Three built-in renderers ship with the package:

  • ipa — IPA with tone contour digits (the default phonological representation used for the Wiktionary benchmark).
  • tlc — thai-language.com "Enhanced Phonemic" with bracketed tone tags ({M}, {L}, {H}, {F}, {R}).
  • morev — Cyrillic transliteration following the Russian-language tradition.

Custom schemes (Paiboon+, RTGS, or your own pedagogical convention) are straightforward to register via SchemeMapping.

Install

uv add thaiphon thaiphon-data-volubilis
# or
pip install thaiphon thaiphon-data-volubilis

Requires Python 3.10+. The engine itself has no runtime dependencies. thaiphon-data-volubilis is a companion package shipping a ~35 k-entry Thai lexicon derived from the VOLUBILIS Mundo Dictionary. thaiphon detects it automatically on import and uses it for word-boundary segmentation and word-specific readings that a rule-based engine can't infer from orthography alone.

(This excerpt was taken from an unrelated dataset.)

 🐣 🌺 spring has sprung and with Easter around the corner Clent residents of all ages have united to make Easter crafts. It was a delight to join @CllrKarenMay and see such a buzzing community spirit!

The data package is CC-BY-SA 4.0, separate from the Apache-2.0 engine — installing it doesn't change the license of your own code.

Minimal install (not recommended for most users)

If there's a hard reason to keep dependencies lean:

pip install thaiphon

The engine still runs, but you give up a lot:

  • Accuracy on the Wiktionary IPA etalon drops from ~75 % to ~57 %.
  • Common words break in visible ways. ส้ม ("orange") comes out as /sa˥˩.ma˦˥/ — two syllables — when the correct reading is /som˥˩/, one closed syllable. The rules alone can't choose between "closed syllable with inherent /o/" and "two open syllables with inserted /a/"; the lexicon settles that kind of ambiguity.
  • Sanskrit-learned compounds miss their learned readings. มหาวิทยาลัย loses the /tʰa/ insertion between /wit̚/ and /jaː/. The spoken form is /wit̚.tʰa.jaː.laj/; the base engine emits /wit̚.jaː.laj/.
  • Failures are silent. The engine always returns a transliteration — no error, no flag, no way to tell at the output layer which of the ~43 % of dictionary entries fell through. A caller can't filter out bad results after the fact.

For anything user-facing, indexing, or searching, install both packages.

Production footprint

thaiphon runs comfortably in long-lived web processes, container orchestrators, and serverless runtimes. The engine is pure Python with no heavyweight imports. The optional lexicon (when installed) ships as a read-only SQLite database, memory-mapped at first use.

Measurement Engine alone + thaiphon-data-volubilis
RSS after first transcribe_sentence ~10 MiB ~19 MiB
RSS after 1 k lookups ~10 MiB ~47 MiB
Median lookup latency (lexicon hit) ~13 µs
Cold-start import cost negligible negligible

The ~30 MiB of additional resident set after warmup is a bounded per-process LRU over the most recently inflated entries. The bulk of the lexicon stays in mmap'd pages of lexicon.db, counted once by the operating system regardless of how many Python workers have imported the package.

Web servers (Django, FastAPI, Flask)

Run as many workers as your CPU budget allows. The lexicon does not multiply with worker count, because the OS page cache shares the mapped database across processes:

  • gunicorn -w 8 myapp.wsgi → roughly 8 × 50 MiB of Python objects plus one shared ~25 MiB for the lexicon. Not 8 × 350 MiB.
  • uvicorn --workers 4 myapp:app behaves the same for FastAPI and Starlette. Inside one worker, async handlers share a SQLite connection-per-thread; the threadpool gets one connection per active thread, opened on first use.
  • Django works in sync views, async views, and runserver without any setting changes.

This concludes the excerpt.